> _EXERCISE_:
Your answer should hold only the lines from the one with "Funny Violin Player" through the end of the records, repeated exactly and minus any pictures.

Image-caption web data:
+++

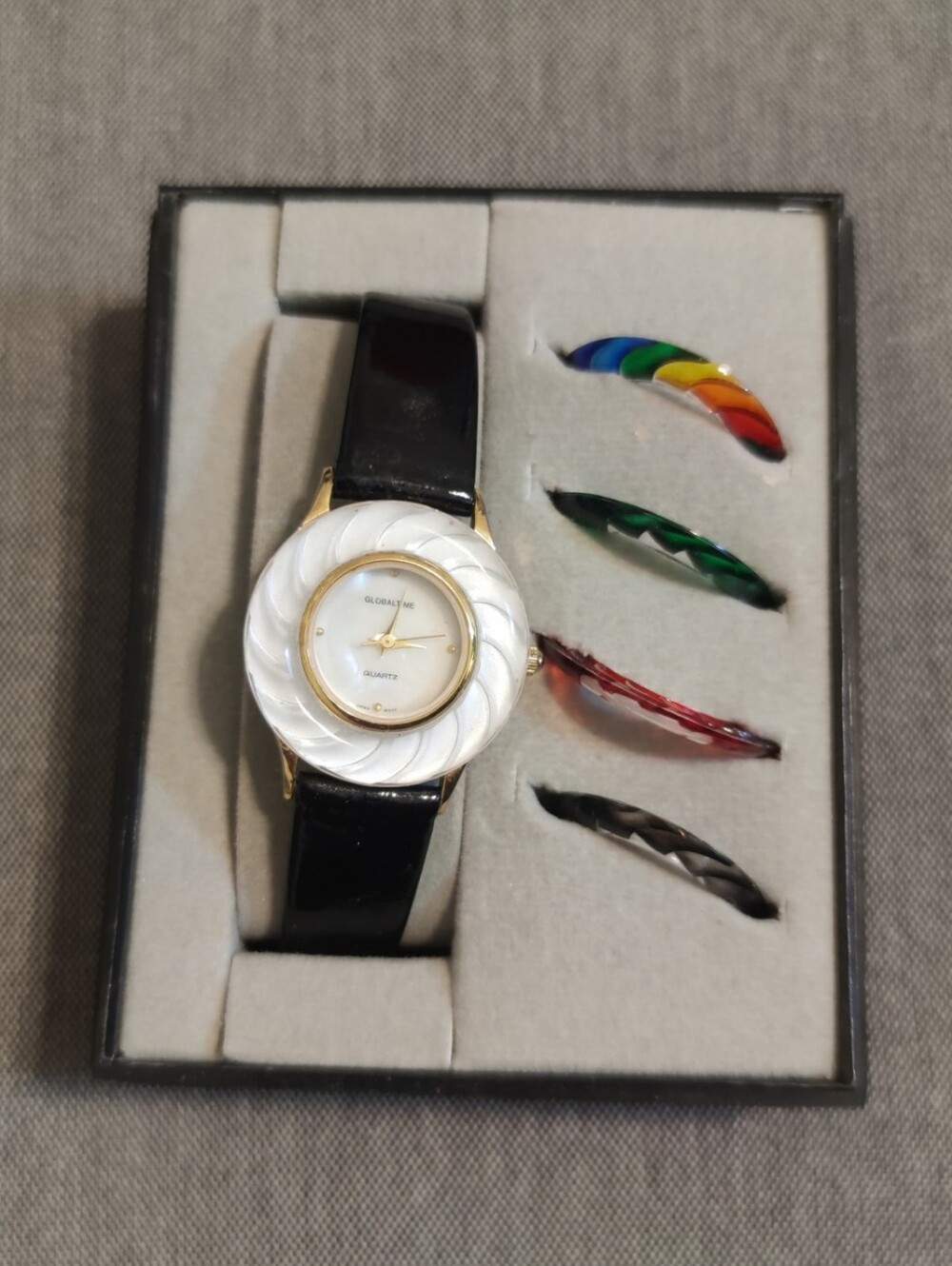 Globaltime Dial Watch with Interchangeable Accent Bezel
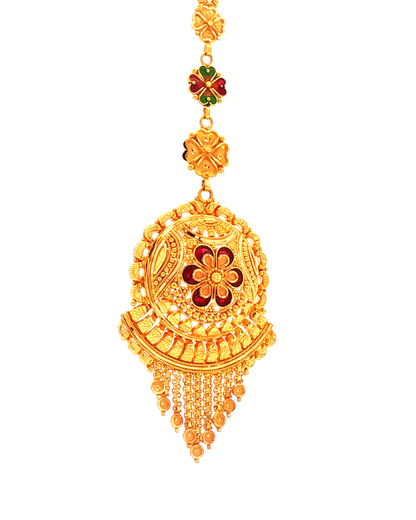Ornate Floral Red Ruby Tassel Pendant in Yellow Gold
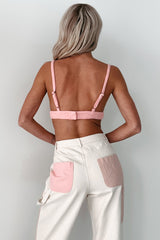 Move To The Music Denim Bralette Top (Pink)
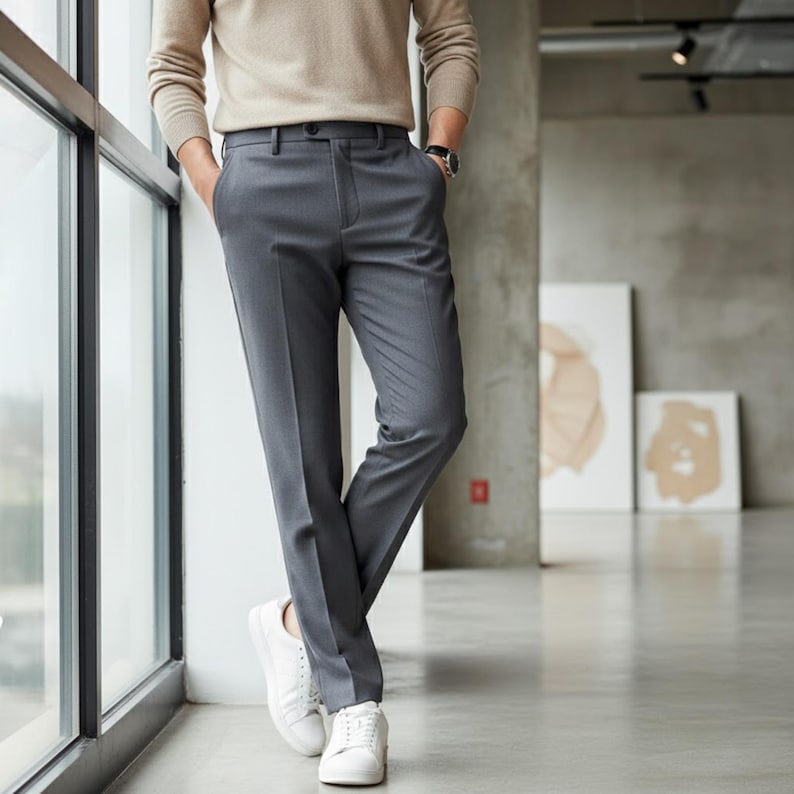 Men’s slim fit office trousers with clean tailored crease and tapered leg styled with loafers for modern business casual wear.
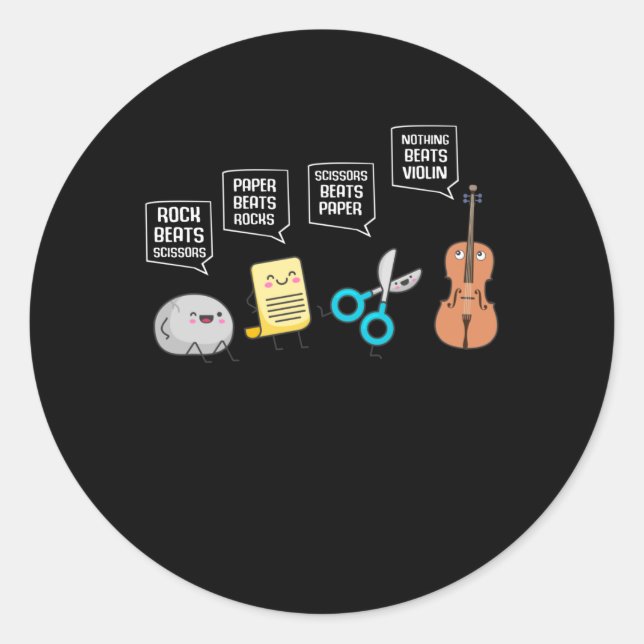 Funny Violin Player Humour Musician Fun Classic Round Sticker (Front)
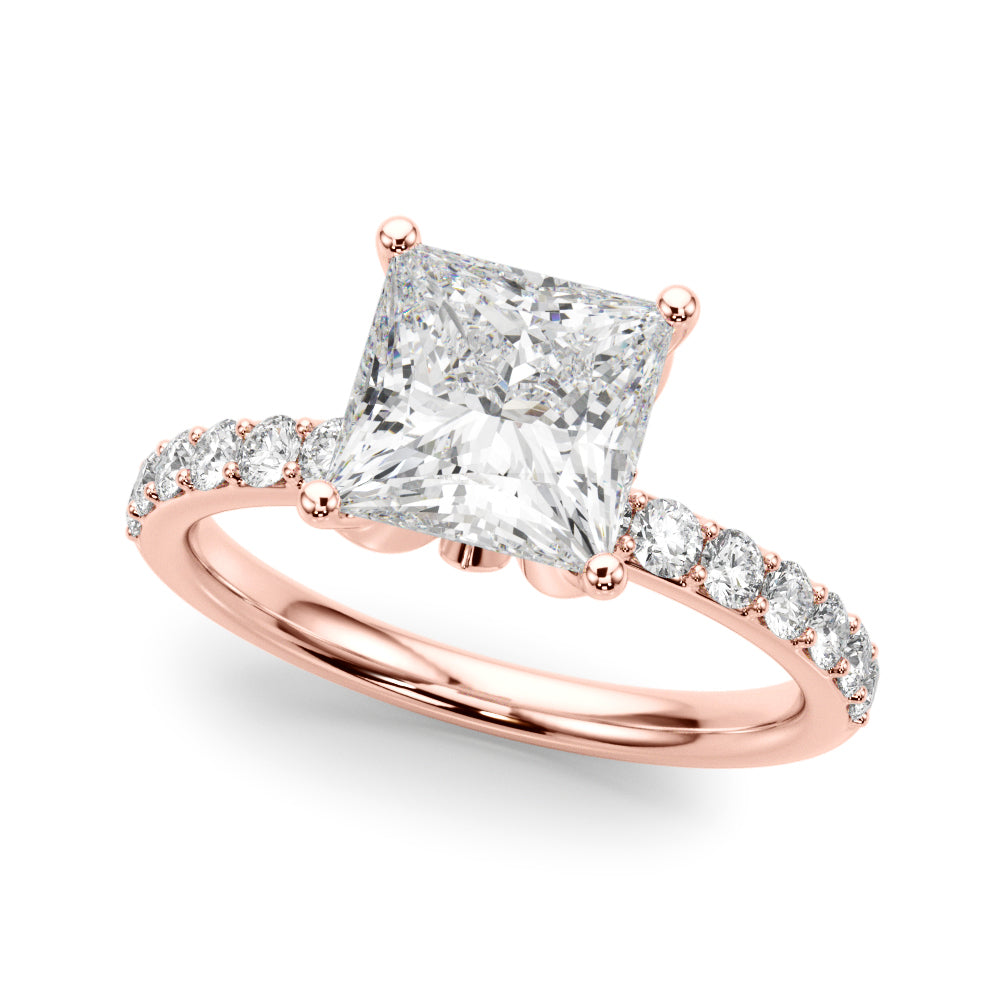 Crowned Sidestone Princess Diamond Engagement Ring in 10K/14K gold and platinum with certified lab-grown or natural diamonds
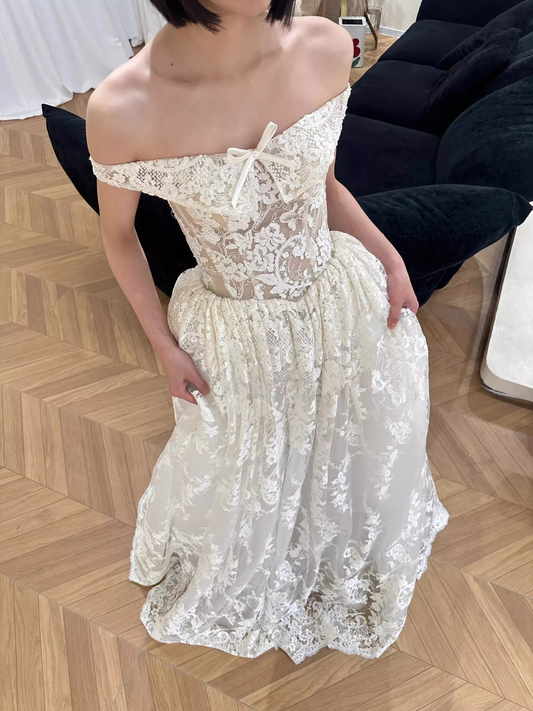 White A Line Off the Shoulder Lace Long Wedding Dress Birthday Dress DP2748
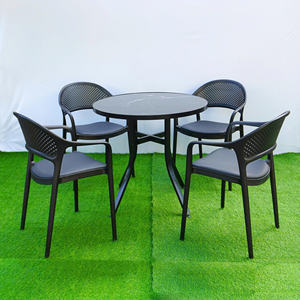 The Black Colored <b>Plastic</b> Round <b>Table</b> with Tiled <b>Table</b> Top - The Modern, Waterproof, and Beautiful Outdoor <b>Table</b>. - Product Image 2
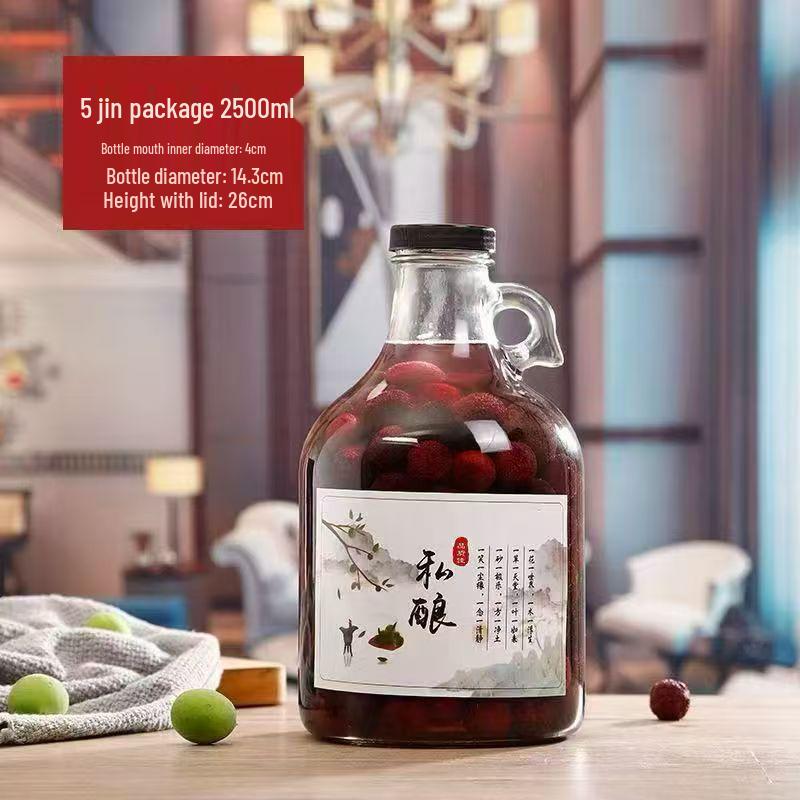 Thickened Glass Baijiu Bottle for Homebrew & Storage - Green Plum & Grape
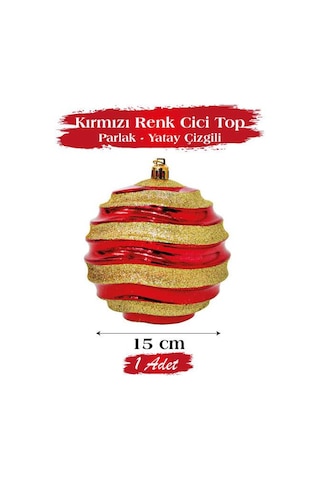15 Cm Beyaz Yatay Çizgili Parlak Kırmızı Yılbaşı Top Süs Büyük Boy Dekoratif Ağaç Süsü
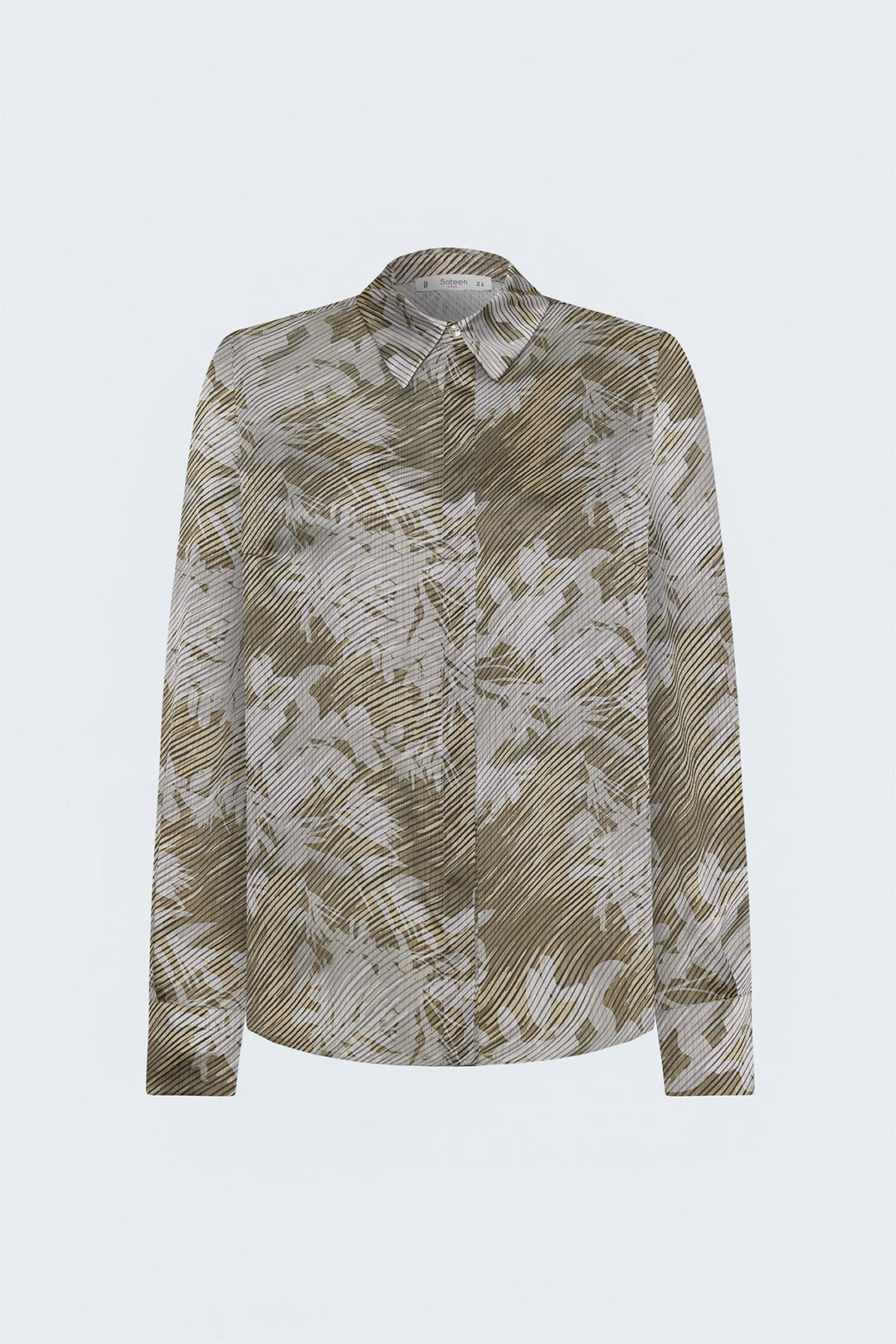 Sateen Chemise à rayures et motifs floraux - Beige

+++

> _OUTPUT_:
 Funny Violin Player Humour Musician Fun Classic Round Sticker (Front)
 Crowned Sidestone Princess Diamond Engagement Ring in 10K/14K gold and platinum with certified lab-grown or natural diamonds
 White A Line Off the Shoulder Lace Long Wedding Dress Birthday Dress DP2748
 The Black Colored <b>Plastic</b> Round <b>Table</b> with Tiled <b>Table</b> Top - The Modern, Waterproof, and Beautiful Outdoor <b>Table</b>. - Product Image 2
 Thickened Glass Baijiu Bottle for Homebrew & Storage - Green Plum & Grape
15 Cm Beyaz Yatay Çizgili Parlak Kırmızı Yılbaşı Top Süs Büyük Boy Dekoratif Ağaç Süsü
 Sateen Chemise à rayures et motifs floraux - Beige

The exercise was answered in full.